Please write the following entries out once more, exactly.
[PROVIDED ENTRIES]
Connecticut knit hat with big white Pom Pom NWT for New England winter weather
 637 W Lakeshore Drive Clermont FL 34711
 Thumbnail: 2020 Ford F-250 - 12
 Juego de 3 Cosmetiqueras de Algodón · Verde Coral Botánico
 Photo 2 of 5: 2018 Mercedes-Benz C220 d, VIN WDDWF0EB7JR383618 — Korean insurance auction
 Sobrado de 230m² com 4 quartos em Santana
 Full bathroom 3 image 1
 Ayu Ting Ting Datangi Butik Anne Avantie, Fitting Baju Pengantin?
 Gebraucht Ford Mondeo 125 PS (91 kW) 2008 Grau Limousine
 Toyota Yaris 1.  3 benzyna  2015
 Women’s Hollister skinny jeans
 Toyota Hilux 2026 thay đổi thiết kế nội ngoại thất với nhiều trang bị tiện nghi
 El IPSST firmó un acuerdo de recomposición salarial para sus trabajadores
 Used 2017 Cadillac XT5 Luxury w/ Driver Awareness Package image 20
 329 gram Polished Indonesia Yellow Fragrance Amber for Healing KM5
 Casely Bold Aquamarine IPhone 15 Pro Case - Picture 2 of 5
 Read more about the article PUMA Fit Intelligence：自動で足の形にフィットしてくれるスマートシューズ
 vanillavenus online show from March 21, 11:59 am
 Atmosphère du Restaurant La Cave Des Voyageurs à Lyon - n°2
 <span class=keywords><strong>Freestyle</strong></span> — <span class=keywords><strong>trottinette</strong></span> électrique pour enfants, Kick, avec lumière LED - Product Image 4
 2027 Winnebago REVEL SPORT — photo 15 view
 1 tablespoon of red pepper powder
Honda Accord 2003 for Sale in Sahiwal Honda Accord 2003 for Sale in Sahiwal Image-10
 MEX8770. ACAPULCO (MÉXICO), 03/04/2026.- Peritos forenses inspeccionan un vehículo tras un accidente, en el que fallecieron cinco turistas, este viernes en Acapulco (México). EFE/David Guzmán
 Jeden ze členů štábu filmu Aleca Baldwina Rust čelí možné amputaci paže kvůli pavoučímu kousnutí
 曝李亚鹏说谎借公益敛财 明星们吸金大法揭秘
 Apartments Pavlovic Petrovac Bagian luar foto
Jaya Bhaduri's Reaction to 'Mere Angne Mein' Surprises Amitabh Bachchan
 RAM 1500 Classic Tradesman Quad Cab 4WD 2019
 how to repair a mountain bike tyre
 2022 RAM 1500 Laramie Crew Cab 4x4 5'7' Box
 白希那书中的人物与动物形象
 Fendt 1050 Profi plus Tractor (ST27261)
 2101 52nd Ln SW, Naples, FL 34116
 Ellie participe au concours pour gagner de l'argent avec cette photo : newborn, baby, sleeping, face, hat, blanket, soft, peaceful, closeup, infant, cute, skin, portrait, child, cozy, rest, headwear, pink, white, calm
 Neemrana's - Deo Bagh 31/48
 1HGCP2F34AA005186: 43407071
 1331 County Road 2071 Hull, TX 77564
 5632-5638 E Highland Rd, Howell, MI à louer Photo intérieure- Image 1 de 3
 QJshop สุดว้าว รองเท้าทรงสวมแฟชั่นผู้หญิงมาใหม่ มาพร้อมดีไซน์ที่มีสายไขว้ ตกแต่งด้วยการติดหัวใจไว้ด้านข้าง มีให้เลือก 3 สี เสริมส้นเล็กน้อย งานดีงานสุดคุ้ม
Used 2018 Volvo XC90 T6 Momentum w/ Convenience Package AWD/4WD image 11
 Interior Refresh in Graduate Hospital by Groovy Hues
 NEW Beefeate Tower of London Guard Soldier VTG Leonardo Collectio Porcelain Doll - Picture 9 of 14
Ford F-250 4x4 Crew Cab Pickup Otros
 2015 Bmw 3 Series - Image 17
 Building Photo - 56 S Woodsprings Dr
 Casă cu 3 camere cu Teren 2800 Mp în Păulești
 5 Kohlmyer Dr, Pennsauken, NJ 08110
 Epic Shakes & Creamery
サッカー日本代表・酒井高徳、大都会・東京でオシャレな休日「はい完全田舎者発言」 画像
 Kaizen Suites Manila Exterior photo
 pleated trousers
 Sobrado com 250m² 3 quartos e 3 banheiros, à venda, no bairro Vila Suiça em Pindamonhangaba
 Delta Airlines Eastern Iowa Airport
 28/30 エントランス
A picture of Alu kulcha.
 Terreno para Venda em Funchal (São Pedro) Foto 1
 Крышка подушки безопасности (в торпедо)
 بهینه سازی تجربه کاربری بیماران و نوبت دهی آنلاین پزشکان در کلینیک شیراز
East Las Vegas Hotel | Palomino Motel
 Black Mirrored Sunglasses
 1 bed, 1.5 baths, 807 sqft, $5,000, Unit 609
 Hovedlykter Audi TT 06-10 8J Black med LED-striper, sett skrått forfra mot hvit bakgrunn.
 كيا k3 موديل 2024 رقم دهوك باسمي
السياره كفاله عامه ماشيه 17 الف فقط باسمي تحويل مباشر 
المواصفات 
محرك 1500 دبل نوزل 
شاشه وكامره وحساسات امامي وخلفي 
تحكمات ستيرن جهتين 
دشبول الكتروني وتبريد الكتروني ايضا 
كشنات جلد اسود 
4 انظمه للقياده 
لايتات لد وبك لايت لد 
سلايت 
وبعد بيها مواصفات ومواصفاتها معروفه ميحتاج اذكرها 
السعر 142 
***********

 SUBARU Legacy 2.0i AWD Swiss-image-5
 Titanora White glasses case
[/PROVIDED ENTRIES]
SOLUTION FOR THIS TASK:
Connecticut knit hat with big white Pom Pom NWT for New England winter weather
 637 W Lakeshore Drive Clermont FL 34711
 Thumbnail: 2020 Ford F-250 - 12
 Juego de 3 Cosmetiqueras de Algodón · Verde Coral Botánico
 Photo 2 of 5: 2018 Mercedes-Benz C220 d, VIN WDDWF0EB7JR383618 — Korean insurance auction
 Sobrado de 230m² com 4 quartos em Santana
 Full bathroom 3 image 1
 Ayu Ting Ting Datangi Butik Anne Avantie, Fitting Baju Pengantin?
 Gebraucht Ford Mondeo 125 PS (91 kW) 2008 Grau Limousine
 Toyota Yaris 1.  3 benzyna  2015
 Women’s Hollister skinny jeans
 Toyota Hilux 2026 thay đổi thiết kế nội ngoại thất với nhiều trang bị tiện nghi
 El IPSST firmó un acuerdo de recomposición salarial para sus trabajadores
 Used 2017 Cadillac XT5 Luxury w/ Driver Awareness Package image 20
 329 gram Polished Indonesia Yellow Fragrance Amber for Healing KM5
 Casely Bold Aquamarine IPhone 15 Pro Case - Picture 2 of 5
 Read more about the article PUMA Fit Intelligence：自動で足の形にフィットしてくれるスマートシューズ
 vanillavenus online show from March 21, 11:59 am
 Atmosphère du Restaurant La Cave Des Voyageurs à Lyon - n°2
 <span class=keywords><strong>Freestyle</strong></span> — <span class=keywords><strong>trottinette</strong></span> électrique pour enfants, Kick, avec lumière LED - Product Image 4
 2027 Winnebago REVEL SPORT — photo 15 view
 1 tablespoon of red pepper powder
Honda Accord 2003 for Sale in Sahiwal Honda Accord 2003 for Sale in Sahiwal Image-10
 MEX8770. ACAPULCO (MÉXICO), 03/04/2026.- Peritos forenses inspeccionan un vehículo tras un accidente, en el que fallecieron cinco turistas, este viernes en Acapulco (México). EFE/David Guzmán
 Jeden ze členů štábu filmu Aleca Baldwina Rust čelí možné amputaci paže kvůli pavoučímu kousnutí
 曝李亚鹏说谎借公益敛财 明星们吸金大法揭秘
 Apartments Pavlovic Petrovac Bagian luar foto
Jaya Bhaduri's Reaction to 'Mere Angne Mein' Surprises Amitabh Bachchan
 RAM 1500 Classic Tradesman Quad Cab 4WD 2019
 how to repair a mountain bike tyre
 2022 RAM 1500 Laramie Crew Cab 4x4 5'7' Box
 白希那书中的人物与动物形象
 Fendt 1050 Profi plus Tractor (ST27261)
 2101 52nd Ln SW, Naples, FL 34116
 Ellie participe au concours pour gagner de l'argent avec cette photo : newborn, baby, sleeping, face, hat, blanket, soft, peaceful, closeup, infant, cute, skin, portrait, child, cozy, rest, headwear, pink, white, calm
 Neemrana's - Deo Bagh 31/48
 1HGCP2F34AA005186: 43407071
 1331 County Road 2071 Hull, TX 77564
 5632-5638 E Highland Rd, Howell, MI à louer Photo intérieure- Image 1 de 3
 QJshop สุดว้าว รองเท้าทรงสวมแฟชั่นผู้หญิงมาใหม่ มาพร้อมดีไซน์ที่มีสายไขว้ ตกแต่งด้วยการติดหัวใจไว้ด้านข้าง มีให้เลือก 3 สี เสริมส้นเล็กน้อย งานดีงานสุดคุ้ม
Used 2018 Volvo XC90 T6 Momentum w/ Convenience Package AWD/4WD image 11
 Interior Refresh in Graduate Hospital by Groovy Hues
 NEW Beefeate Tower of London Guard Soldier VTG Leonardo Collectio Porcelain Doll - Picture 9 of 14
Ford F-250 4x4 Crew Cab Pickup Otros
 2015 Bmw 3 Series - Image 17
 Building Photo - 56 S Woodsprings Dr
 Casă cu 3 camere cu Teren 2800 Mp în Păulești
 5 Kohlmyer Dr, Pennsauken, NJ 08110
 Epic Shakes & Creamery
サッカー日本代表・酒井高徳、大都会・東京でオシャレな休日「はい完全田舎者発言」 画像
 Kaizen Suites Manila Exterior photo
 pleated trousers
 Sobrado com 250m² 3 quartos e 3 banheiros, à venda, no bairro Vila Suiça em Pindamonhangaba
 Delta Airlines Eastern Iowa Airport
 28/30 エントランス
A picture of Alu kulcha.
 Terreno para Venda em Funchal (São Pedro) Foto 1
 Крышка подушки безопасности (в торпедо)
 بهینه سازی تجربه کاربری بیماران و نوبت دهی آنلاین پزشکان در کلینیک شیراز
East Las Vegas Hotel | Palomino Motel
 Black Mirrored Sunglasses
 1 bed, 1.5 baths, 807 sqft, $5,000, Unit 609
 Hovedlykter Audi TT 06-10 8J Black med LED-striper, sett skrått forfra mot hvit bakgrunn.
 كيا k3 موديل 2024 رقم دهوك باسمي
السياره كفاله عامه ماشيه 17 الف فقط باسمي تحويل مباشر 
المواصفات 
محرك 1500 دبل نوزل 
شاشه وكامره وحساسات امامي وخلفي 
تحكمات ستيرن جهتين 
دشبول الكتروني وتبريد الكتروني ايضا 
كشنات جلد اسود 
4 انظمه للقياده 
لايتات لد وبك لايت لد 
سلايت 
وبعد بيها مواصفات ومواصفاتها معروفه ميحتاج اذكرها 
السعر 142 
***********

 SUBARU Legacy 2.0i AWD Swiss-image-5
 Titanora White glasses case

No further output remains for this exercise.